**SUPPLIED MATERIAL**:
--- START ---

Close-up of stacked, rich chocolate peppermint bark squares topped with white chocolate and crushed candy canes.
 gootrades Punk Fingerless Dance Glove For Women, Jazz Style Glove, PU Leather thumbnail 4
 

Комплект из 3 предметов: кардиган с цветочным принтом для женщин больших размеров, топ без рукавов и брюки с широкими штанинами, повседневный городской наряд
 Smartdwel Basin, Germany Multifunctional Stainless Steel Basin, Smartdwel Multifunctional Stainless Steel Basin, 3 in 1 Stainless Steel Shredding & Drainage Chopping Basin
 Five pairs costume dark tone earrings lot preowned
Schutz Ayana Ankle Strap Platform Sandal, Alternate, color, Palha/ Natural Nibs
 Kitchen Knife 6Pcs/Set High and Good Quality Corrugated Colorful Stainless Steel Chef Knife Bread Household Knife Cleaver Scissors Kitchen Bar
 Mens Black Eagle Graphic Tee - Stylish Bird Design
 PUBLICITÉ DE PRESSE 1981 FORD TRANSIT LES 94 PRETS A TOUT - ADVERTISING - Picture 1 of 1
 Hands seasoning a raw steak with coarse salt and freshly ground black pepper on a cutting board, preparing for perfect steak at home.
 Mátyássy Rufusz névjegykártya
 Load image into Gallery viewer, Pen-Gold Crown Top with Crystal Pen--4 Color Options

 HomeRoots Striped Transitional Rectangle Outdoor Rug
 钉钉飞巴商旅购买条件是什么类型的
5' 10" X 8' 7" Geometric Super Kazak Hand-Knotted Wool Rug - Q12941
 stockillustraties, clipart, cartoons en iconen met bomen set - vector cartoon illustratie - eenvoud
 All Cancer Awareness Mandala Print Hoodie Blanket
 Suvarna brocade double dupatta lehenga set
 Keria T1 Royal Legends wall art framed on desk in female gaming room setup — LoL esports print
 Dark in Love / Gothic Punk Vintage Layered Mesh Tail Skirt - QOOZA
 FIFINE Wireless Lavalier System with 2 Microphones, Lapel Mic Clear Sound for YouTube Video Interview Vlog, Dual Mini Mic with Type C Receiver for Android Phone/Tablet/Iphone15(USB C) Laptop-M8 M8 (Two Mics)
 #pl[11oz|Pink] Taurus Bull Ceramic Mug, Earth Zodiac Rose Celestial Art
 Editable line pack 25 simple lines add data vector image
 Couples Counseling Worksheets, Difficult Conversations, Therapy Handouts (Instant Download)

--- END ---

**ACTIVITY**: Exactly and only the lines from the one containing "#pl[11oz|Pink] Taurus Bull" through the end of the material are to be reproduced, both ends included.

**ANSWER SECTION**:
 #pl[11oz|Pink] Taurus Bull Ceramic Mug, Earth Zodiac Rose Celestial Art
 Editable line pack 25 simple lines add data vector image
 Couples Counseling Worksheets, Difficult Conversations, Therapy Handouts (Instant Download)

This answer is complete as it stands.